5 - Rights of Man
Summary
‘Hardly had he finished the last page of the “Reflections” at the Red Lion in Islington’, recalled Thomas Clio Rickman, who knew Paine in London at the time, ‘before he asked for pen and ink and set about composing his reply in the inn itself’. Although Rights of Man was ‘in answer to Mr Burke’, it was not just a reply to him but also a defence of ‘a system then established and operating in America’ which Paine ‘wished to see peaceably adopted in Europe’. This wider aim was implicit in the dedication of Rights of Man to George Washington, ‘that you may enjoy the happiness of seeing the New World regenerate the Old’.
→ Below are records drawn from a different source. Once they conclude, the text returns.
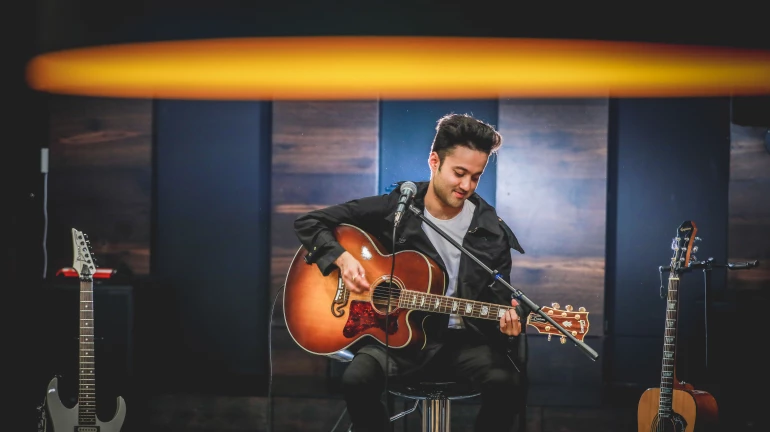 Singer Aaryan releases a new song 'Back in the Day' Singer Aaryan releases a new song 'Back in the Day'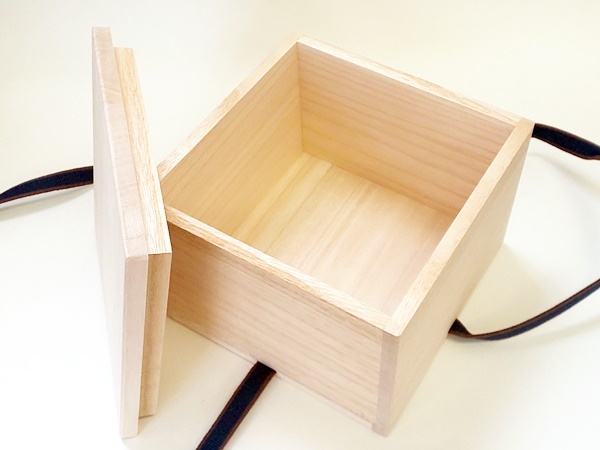 八幡焼 平緑釉 茶碗 無傷 新品桐箱共用 真田袋紐付 古物。 新品 高級 桐箱 木箱 抹茶碗 真田紐 袋紐 四方桟 空箱 内寸 15cm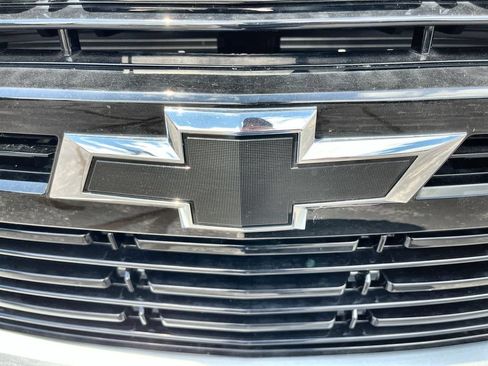 Used 2023 Chevrolet Tahoe RST AWD/4WD image 32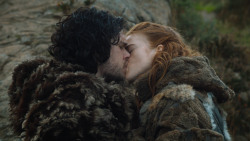 extant_GameOfThrones_3x07-TheBearAndTheMaidenFair_4597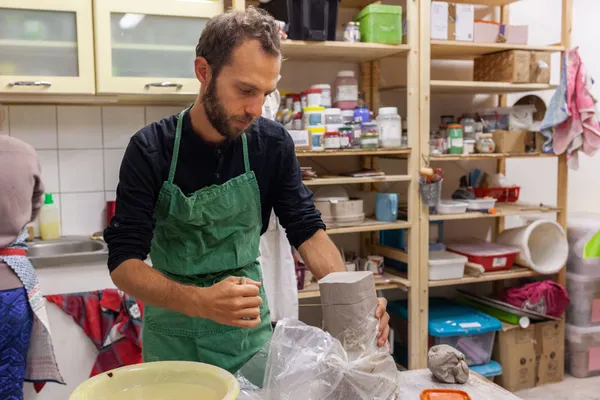 Rapprochez votre équipe, et modelez chacun la tasse de votre collègue - Afbeelding nr. 4 - Wecandoo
The subtitle of Burke's Reflections on the French Revolution was And on the Proceedings of Certain Societies in London Relative to that Event. The London Revolution Society was the one he had especially in mind. At its proceedings on 4 November 1789, Richard Price, a leading dissenter and radical – and friend of Paine – had delivered a sermon in the Old Jewry which ‘reinterpreted the principles of 1688–9 and praised the French Revolution’. His reinterpretation of the Revolution Settlement of 1689 was that it had upheld the right of the people to choose and cashier their rulers and to change the constitution. Burke denied that there were any such rights, or that anything of the sort had transpired at the time.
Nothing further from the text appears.